WHAT YOU NEED TO DO:
Ignoring the pictures, copy the data exactly.

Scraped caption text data
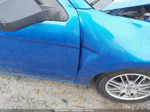 2011 Ford Focus Se Blue vin: 1FAHP3FN6BW199693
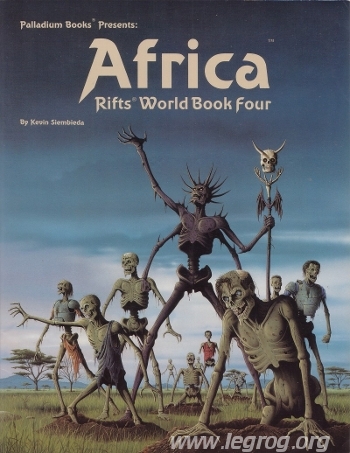 Couverture de Africa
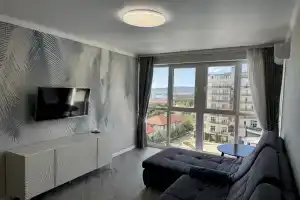 488 1-K S Vidom Na More I Gory S Balkonom Flat, Gelendzik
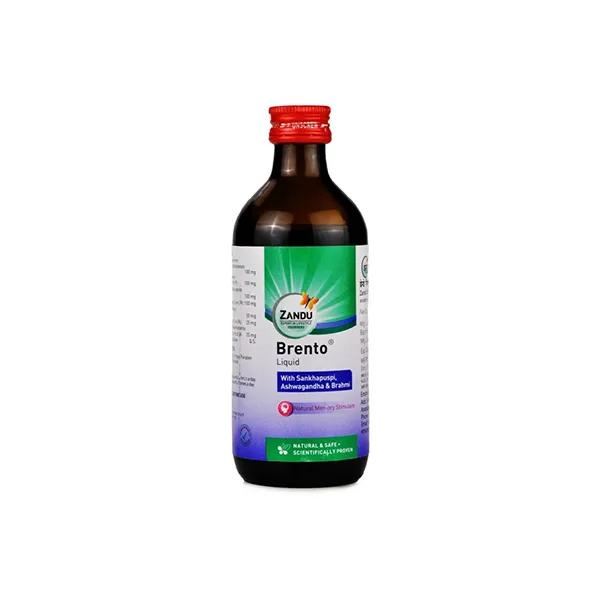 BRENTO LIQ. - 200 ML - ZANDU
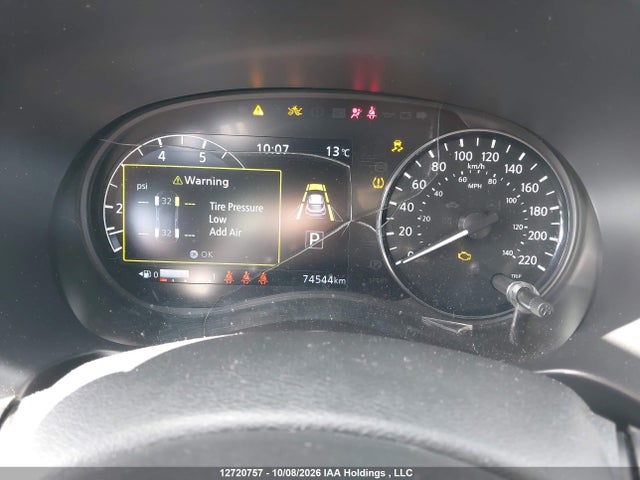 3N1CP5DV8ML523905 Nissan KICKS SR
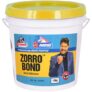 ABRO ZORRO BOND-ZB Wood Adhesive Professional Grade Multi-Purpose Water-Resistant Heavy-Duty Glue with Extreme High Bond Strength for Woodwork Furniture Home Office (Pack of 1, 10Kg)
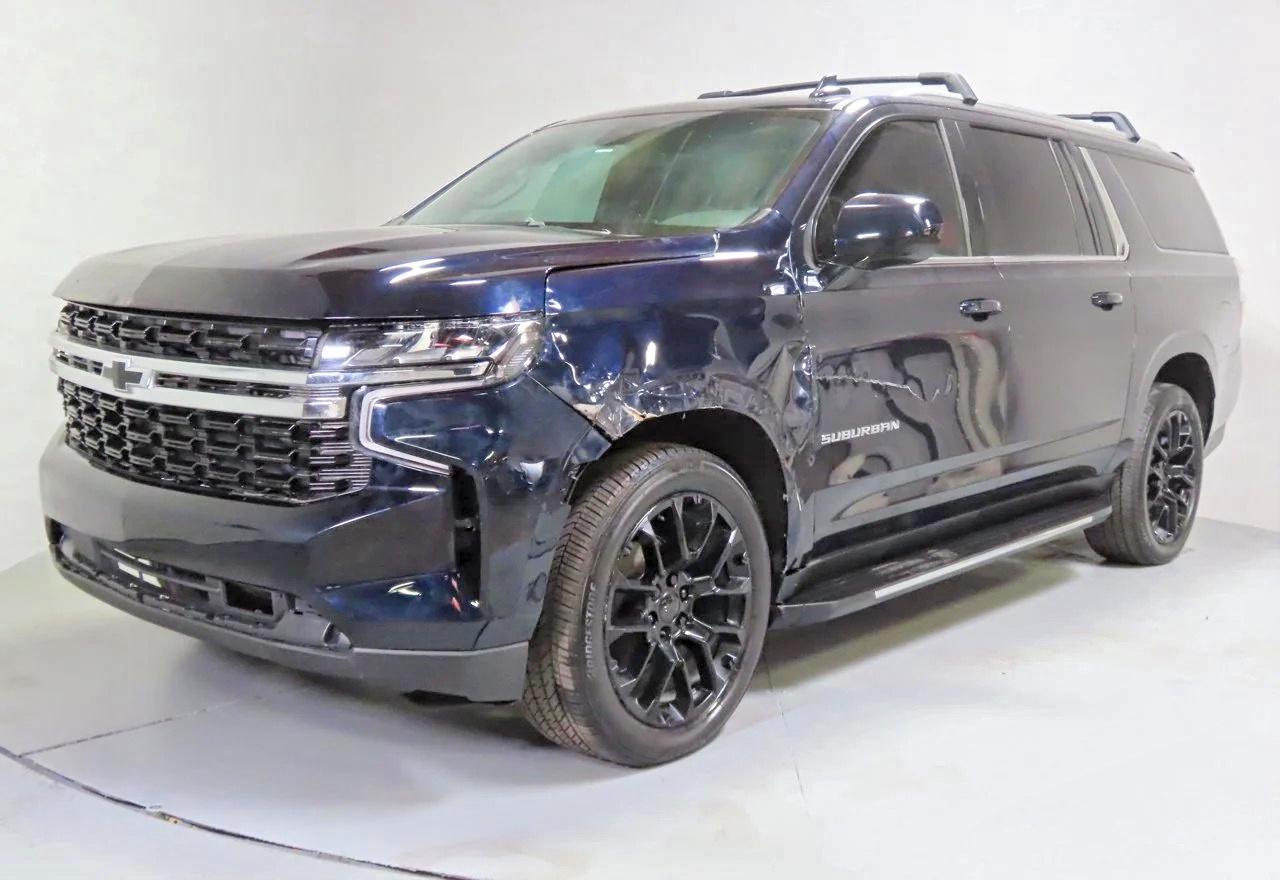 2023 Chevrolet Suburban K1500 Ls - Фото 2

PROBLEM SOLUTION:
 2011 Ford Focus Se Blue vin: 1FAHP3FN6BW199693
 Couverture de Africa
 488 1-K S Vidom Na More I Gory S Balkonom Flat, Gelendzik
 BRENTO LIQ. - 200 ML - ZANDU
 3N1CP5DV8ML523905 Nissan KICKS SR
 ABRO ZORRO BOND-ZB Wood Adhesive Professional Grade Multi-Purpose Water-Resistant Heavy-Duty Glue with Extreme High Bond Strength for Woodwork Furniture Home Office (Pack of 1, 10Kg)
 2023 Chevrolet Suburban K1500 Ls - Фото 2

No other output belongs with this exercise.